Too often, when I coach communications directors through their daily challenges, I find that their jobs are being made so much harder than they should be because of a handful of leadership failures.
Here are five that I see all the time — I’m sure people who coach fundraisers or program staff would have their own variations on this list.
1. No Real Strategy
Strategy, by definition, requires choices to be made. What is the best way to reach a goal? Not a bunch of ways, but the best way, in your best judgement? “All of the above” is not strategy. “Spray and pray” is not strategy. Leaders need to ensure strategy is in place.
2. No Sense of Priorities
What is the single most important thing (the SMIT, a term I learned from Tom Ahern) this quarter, this month, this week? Of course, you have to do more than one thing at a time, but if your managers can’t put them in order of priority, that’s a leadership failure. Yes, I mean 1, 2, 3, 4, 5 and no ties! The reality is that you can’t always get everything done (in fact you rarely can), so staff need guidance about what falls off the list. Leaders listen, then decide, and prioritize.

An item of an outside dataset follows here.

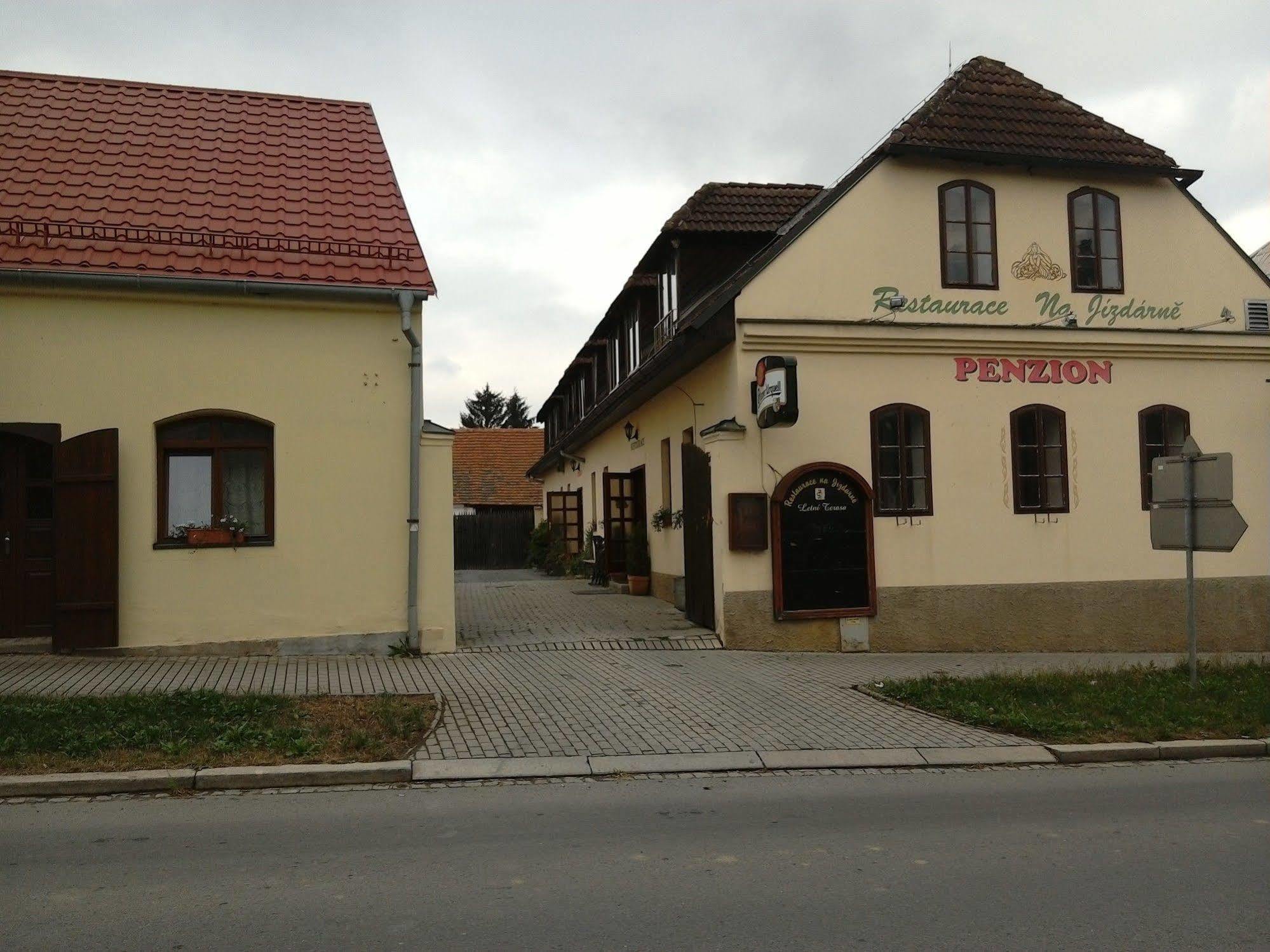 Penzion Na Jizdarne Stary Plzenec Ngoại thất bức ảnh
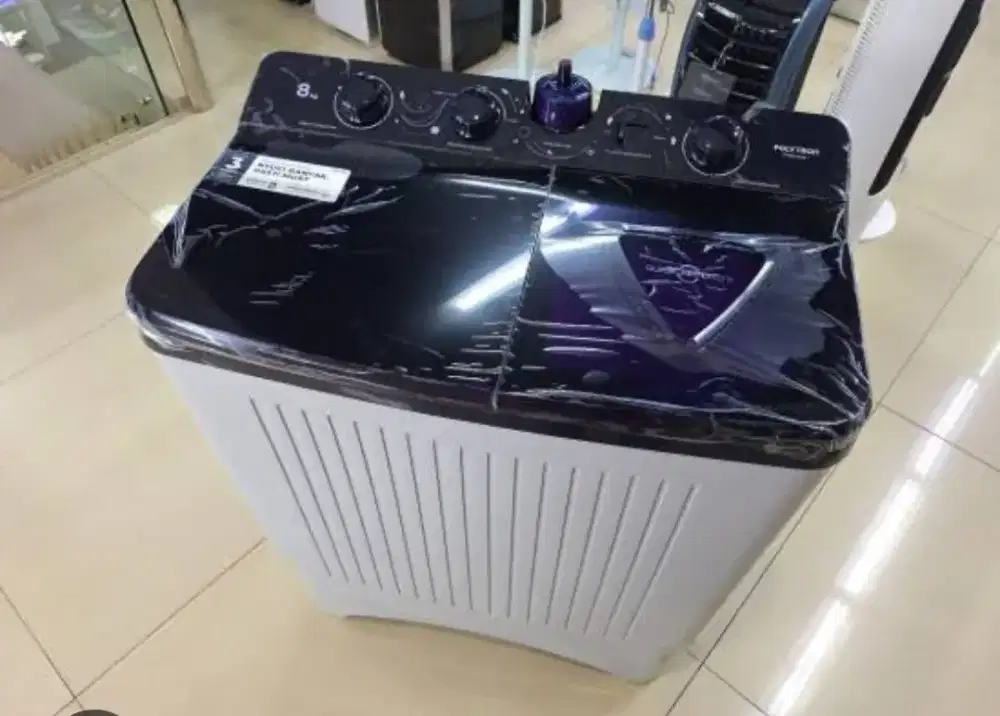 Mesin cuci Polytron 9kg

3. Only Putting Things on the List, Never Taking Any Off
That mile-long list of so-called priorities just keeps getting longer and longer. You have finite amounts of time and money to spend in a given week, month, or quarter. If leaders are always giving you more things to do, without taking anything off the list, it’s an even worse combination of #1 and #2, because now they are burning out staff as well.
4. No Willingness to Experiment and Learn
The world of marketing and fundraising is changing, and fast. If your leaders aren’t willing to try new approaches, to allow you to experiment, then to discuss what happened, learn from it and adjust, you can’t possibly keep the pace required to do amazing work.
5. Too Much Strategic Planning
You need a strategy (see #1). But if your organization is spending six months to create a two-year strategic plan, that’s way too much pie-in-the-sky pontificating and not enough doing of the work. Planning alone doesn’t change the world. You have to put in the time to actually make the plan a reality. I see so many communications directors in indefinite holding patterns because they are waiting on some strategic plan that, in reality, probably won’t direct the work that much anyway. Just get on with it!
Are these leadership failures holding you back? Can you help fix them? Can you move on without them? I’d love to hear your experiences in the comments!
P.S. Are you an executive director who thinks you are giving your staff all the guidance they need? Go double check with them! They’ll be glad you asked, and you will too!